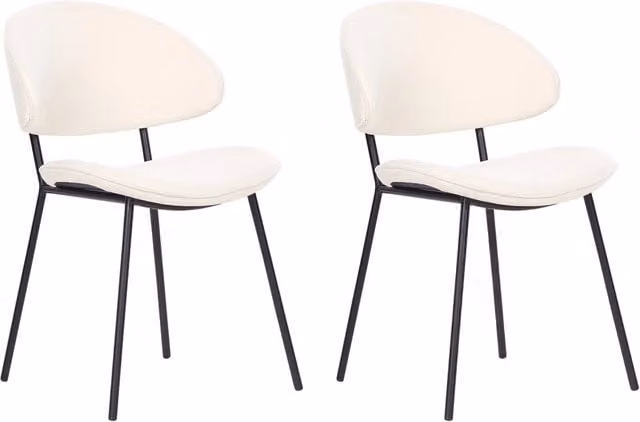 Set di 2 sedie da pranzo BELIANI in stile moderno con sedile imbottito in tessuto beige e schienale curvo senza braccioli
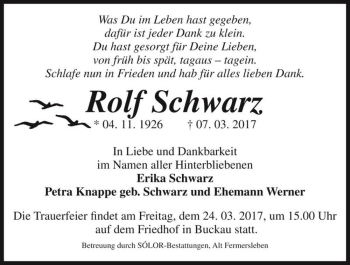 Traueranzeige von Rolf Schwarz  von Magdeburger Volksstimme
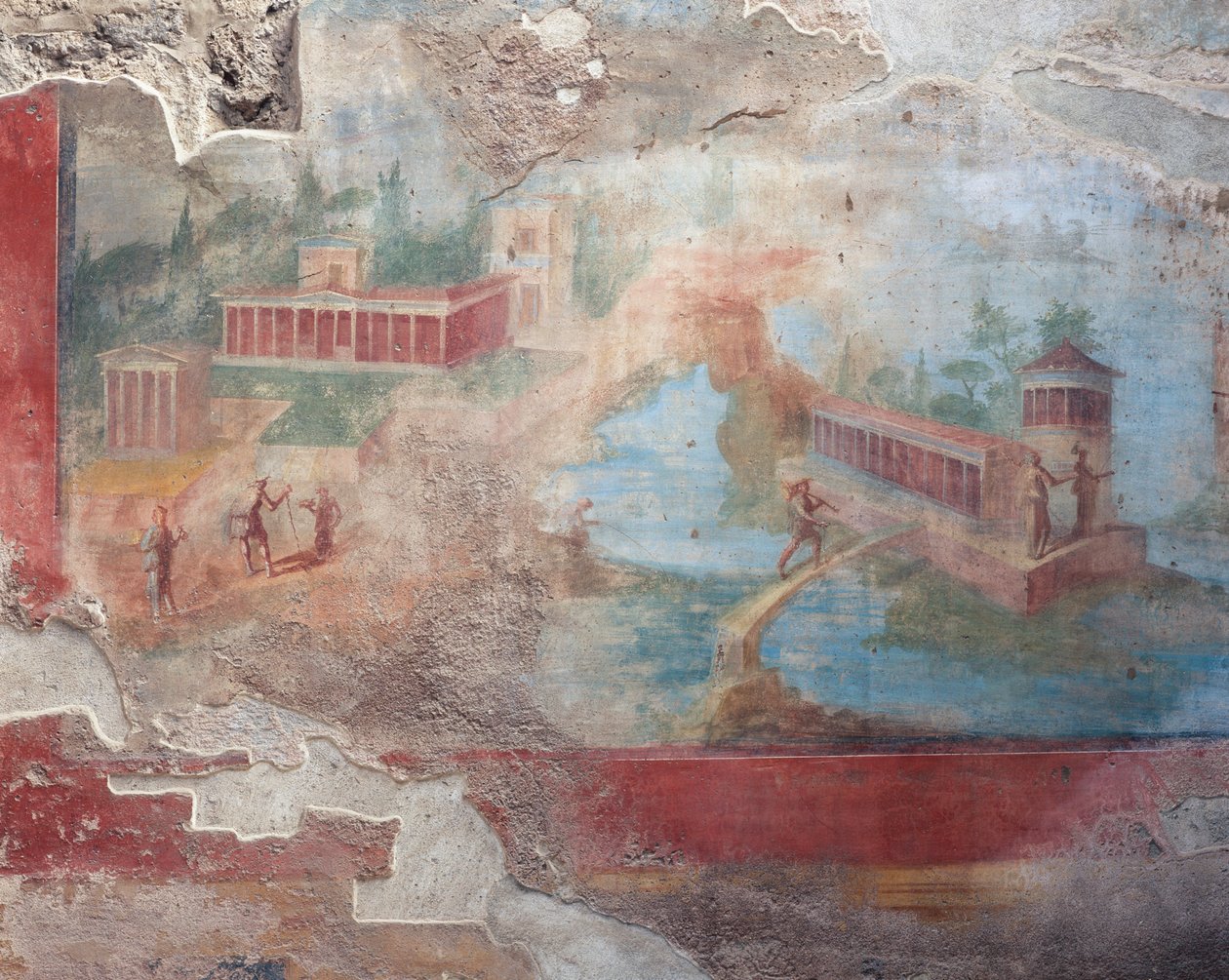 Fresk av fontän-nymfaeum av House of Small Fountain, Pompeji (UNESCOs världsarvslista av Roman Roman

Task statement: Go through the listing above and retype it exactly, skipping every picture.

Written response:
 Set di 2 sedie da pranzo BELIANI in stile moderno con sedile imbottito in tessuto beige e schienale curvo senza braccioli
 Traueranzeige von Rolf Schwarz  von Magdeburger Volksstimme
 Fresk av fontän-nymfaeum av House of Small Fountain, Pompeji (UNESCOs världsarvslista av Roman Roman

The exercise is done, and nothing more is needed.